Again I am interested in your advice and welcome others but when you begin to question my choices then I totally switch off. This will apply to Leper also. I don't have to justify our decisions to you or anyone so please, unless you have anything positive to add with regards to Spain and not how amazing the UK is when you don't live here then please don't comment any further as I will not be drawn in to some ridiculous banter.


----------



## StaleyGee (Feb 15, 2015)

Thank you jojo, at last some nice, welcome advice. I understand completely what you have said and I value you have experienced this first hand. That was my concern with the girls the ages they are and the lack of speaking the language well. Obviously 2 years is a long way off and gives us plenty of time to see what's out there, trial living and how the land lies for us all when the girls education is complete. Many thanks


----------



## Lynn R (Feb 21, 2014)

StaleyGee said:


> Thank you Pesky Wesky  When I say better quality of life, I mean slower and calmer and especially warmer. England for me isn't what I want anymore and the work and housing prospects for my girls here are not promising. It doesn't have to be Spain, anywhere in Europe which would give us all the life we'd like would be good. A move somewhere else in the UK wouldn't be an option as housing/jobs etc would be pretty much the same. We are researching Europe as a whole and I will look at Holland.
> Thank you for your time in replying


Everything others have already told you about the lack of employment prospects here for your family is absolutely true - and without an income none of you could enjoy life no matter how much slower, calmer and warmer it may be.
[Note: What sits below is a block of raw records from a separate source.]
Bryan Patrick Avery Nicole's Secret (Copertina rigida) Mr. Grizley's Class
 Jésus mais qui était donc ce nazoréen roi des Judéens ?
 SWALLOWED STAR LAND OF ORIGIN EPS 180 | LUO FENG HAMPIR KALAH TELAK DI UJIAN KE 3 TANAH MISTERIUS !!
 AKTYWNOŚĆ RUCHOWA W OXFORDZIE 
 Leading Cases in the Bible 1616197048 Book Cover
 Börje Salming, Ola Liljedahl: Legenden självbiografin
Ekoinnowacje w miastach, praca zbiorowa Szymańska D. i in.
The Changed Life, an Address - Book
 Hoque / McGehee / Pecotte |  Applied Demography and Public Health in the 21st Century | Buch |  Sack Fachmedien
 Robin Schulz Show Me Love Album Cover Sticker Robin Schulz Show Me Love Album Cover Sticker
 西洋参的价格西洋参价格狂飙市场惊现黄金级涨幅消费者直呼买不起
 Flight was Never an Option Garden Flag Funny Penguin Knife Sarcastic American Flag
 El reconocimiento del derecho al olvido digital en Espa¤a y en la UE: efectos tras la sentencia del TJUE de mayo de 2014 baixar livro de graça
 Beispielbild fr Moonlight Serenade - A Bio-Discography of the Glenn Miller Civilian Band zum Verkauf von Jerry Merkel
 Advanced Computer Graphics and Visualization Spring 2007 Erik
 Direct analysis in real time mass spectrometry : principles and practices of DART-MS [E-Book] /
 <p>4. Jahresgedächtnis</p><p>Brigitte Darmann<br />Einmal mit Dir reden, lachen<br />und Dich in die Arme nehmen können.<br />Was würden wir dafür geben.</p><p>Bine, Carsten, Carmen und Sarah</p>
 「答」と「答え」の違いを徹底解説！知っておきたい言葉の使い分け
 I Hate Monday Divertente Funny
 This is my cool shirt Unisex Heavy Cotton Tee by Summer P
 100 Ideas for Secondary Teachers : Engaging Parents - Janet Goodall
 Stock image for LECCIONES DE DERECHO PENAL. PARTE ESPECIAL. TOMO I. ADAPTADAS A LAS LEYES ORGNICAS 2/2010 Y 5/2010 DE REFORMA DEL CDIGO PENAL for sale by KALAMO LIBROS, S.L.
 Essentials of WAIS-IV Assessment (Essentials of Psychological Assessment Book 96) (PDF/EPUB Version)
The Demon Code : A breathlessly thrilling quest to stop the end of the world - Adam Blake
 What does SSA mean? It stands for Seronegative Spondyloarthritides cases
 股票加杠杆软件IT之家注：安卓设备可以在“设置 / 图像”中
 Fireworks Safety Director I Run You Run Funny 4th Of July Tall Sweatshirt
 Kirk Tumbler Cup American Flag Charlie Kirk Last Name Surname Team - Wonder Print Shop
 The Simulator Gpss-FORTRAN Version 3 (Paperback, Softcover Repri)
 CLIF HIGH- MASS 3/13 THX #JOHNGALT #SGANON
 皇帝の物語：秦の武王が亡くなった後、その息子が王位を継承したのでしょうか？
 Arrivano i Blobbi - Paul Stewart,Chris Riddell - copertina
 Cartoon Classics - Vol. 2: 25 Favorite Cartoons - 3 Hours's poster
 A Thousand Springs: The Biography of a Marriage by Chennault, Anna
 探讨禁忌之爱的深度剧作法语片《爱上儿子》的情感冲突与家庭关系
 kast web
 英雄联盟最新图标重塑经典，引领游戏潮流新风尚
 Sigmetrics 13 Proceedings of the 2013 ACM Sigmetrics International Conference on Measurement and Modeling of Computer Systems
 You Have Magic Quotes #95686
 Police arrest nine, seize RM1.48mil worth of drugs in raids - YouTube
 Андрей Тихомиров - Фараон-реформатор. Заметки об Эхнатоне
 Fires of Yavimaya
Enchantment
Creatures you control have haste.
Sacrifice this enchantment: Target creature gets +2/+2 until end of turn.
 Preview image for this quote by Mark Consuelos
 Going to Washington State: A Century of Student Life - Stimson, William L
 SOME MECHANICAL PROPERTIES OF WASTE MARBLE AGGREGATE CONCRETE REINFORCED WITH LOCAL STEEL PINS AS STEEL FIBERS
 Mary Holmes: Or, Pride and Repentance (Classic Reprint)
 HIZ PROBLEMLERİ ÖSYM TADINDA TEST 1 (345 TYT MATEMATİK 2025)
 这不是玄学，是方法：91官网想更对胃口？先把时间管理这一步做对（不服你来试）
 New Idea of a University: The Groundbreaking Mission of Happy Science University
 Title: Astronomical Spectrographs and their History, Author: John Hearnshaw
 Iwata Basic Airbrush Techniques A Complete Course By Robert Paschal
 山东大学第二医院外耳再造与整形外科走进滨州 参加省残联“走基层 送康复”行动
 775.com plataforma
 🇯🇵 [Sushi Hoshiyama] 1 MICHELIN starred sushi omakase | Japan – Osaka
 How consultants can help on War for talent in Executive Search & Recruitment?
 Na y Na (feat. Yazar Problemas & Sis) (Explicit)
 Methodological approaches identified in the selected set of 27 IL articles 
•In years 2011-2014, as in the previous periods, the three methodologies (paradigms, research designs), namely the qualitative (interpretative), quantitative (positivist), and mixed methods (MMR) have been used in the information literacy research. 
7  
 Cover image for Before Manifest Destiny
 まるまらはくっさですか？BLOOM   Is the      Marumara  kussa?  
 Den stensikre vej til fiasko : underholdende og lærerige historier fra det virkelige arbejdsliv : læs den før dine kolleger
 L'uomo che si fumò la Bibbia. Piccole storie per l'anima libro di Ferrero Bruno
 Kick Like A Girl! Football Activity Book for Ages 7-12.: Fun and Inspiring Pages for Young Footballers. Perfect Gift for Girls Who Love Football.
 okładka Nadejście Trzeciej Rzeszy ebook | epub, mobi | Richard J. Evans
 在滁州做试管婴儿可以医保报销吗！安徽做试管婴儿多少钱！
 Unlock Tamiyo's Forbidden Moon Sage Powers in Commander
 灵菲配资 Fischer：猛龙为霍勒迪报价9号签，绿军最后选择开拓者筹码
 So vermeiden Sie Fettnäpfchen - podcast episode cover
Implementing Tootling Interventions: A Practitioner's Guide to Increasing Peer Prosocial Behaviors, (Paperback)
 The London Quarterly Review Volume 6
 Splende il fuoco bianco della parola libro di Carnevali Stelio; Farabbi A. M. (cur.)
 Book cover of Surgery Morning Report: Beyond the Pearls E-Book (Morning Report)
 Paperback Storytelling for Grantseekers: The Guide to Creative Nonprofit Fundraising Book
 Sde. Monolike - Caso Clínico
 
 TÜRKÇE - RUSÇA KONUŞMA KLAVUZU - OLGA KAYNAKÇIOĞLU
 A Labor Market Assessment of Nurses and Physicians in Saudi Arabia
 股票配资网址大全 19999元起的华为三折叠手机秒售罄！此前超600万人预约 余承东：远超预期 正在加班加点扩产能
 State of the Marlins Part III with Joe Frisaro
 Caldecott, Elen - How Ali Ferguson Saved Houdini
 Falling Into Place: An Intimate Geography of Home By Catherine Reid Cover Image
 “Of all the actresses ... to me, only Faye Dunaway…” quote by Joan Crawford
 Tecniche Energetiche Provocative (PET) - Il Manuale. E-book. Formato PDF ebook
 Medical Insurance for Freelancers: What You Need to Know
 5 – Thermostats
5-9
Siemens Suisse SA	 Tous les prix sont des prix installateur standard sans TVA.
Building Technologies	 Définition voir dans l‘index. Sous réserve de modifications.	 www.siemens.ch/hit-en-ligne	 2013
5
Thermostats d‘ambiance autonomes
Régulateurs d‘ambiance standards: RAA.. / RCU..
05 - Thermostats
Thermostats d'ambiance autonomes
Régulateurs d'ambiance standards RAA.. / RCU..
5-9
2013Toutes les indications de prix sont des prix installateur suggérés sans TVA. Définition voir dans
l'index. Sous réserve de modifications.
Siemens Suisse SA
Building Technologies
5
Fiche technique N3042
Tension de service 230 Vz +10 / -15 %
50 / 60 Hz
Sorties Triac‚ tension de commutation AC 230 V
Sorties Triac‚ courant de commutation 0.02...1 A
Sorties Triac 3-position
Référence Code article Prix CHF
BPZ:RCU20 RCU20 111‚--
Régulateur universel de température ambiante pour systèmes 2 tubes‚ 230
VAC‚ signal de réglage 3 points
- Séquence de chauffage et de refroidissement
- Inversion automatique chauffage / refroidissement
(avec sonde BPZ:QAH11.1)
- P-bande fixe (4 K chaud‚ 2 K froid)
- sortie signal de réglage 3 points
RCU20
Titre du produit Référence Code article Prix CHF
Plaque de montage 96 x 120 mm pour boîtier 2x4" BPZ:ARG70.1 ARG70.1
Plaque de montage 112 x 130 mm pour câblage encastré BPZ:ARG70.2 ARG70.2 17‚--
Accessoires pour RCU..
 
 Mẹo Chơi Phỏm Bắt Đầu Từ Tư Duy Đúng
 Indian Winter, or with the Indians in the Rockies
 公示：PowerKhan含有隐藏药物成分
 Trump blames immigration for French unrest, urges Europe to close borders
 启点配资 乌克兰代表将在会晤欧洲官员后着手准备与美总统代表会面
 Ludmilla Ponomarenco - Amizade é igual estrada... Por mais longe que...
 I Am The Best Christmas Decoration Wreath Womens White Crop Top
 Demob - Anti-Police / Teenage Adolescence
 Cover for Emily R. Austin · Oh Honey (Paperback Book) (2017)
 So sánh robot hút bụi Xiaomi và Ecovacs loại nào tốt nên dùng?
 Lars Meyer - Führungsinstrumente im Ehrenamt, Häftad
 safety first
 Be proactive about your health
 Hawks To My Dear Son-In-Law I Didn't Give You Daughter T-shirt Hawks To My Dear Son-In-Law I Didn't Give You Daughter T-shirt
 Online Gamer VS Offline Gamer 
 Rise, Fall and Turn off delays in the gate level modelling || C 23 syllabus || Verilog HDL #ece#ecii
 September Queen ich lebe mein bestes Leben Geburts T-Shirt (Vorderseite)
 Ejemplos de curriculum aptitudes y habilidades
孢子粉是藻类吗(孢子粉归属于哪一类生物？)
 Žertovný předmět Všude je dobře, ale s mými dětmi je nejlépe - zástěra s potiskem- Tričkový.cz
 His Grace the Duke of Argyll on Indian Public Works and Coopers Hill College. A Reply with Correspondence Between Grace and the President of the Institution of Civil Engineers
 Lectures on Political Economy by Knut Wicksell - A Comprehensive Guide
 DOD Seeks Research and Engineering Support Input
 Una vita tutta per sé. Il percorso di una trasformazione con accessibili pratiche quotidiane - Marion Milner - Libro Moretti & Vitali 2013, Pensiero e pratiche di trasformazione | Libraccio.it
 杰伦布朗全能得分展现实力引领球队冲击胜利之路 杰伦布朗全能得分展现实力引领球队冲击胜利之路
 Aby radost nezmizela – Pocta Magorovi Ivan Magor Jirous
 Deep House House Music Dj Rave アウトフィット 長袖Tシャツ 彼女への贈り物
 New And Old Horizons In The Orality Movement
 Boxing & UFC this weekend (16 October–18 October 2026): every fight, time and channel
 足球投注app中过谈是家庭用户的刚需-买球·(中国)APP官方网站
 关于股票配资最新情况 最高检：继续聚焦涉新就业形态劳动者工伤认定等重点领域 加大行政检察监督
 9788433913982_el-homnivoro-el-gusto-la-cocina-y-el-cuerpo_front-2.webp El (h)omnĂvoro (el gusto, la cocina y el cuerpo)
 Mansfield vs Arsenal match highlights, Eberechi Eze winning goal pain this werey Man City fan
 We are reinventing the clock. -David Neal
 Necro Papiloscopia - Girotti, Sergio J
Your daughters' housing prospects would be infinitely worse without the prospect of jobs to pay for it.

None of the British builders I met when we first came here are still here - they left when work dried up. A friend's 21 year old daughter who has lived here since the age of 10, is fully bilingual as she did all of her secondary education here, but who has not worked since she left school other than doing a hairdressing course (which her mother had to pay for) has just returned to the UK to live with family as she has reluctantly accepted that there are no prospects for her here. Qualified native Spanish teachers and nurses, amongst others, can't get work here and are going to other European countries, including the UK, in droves. As for your family looking towards other countries in Europe, unfortunately the situation in any of the Southern Mediterranean countries is pretty much the same and you would really need to look to the same places the unemployed Spanish people do to improve work prospects - Germany, the Netherlands, Sweden, Norway etc.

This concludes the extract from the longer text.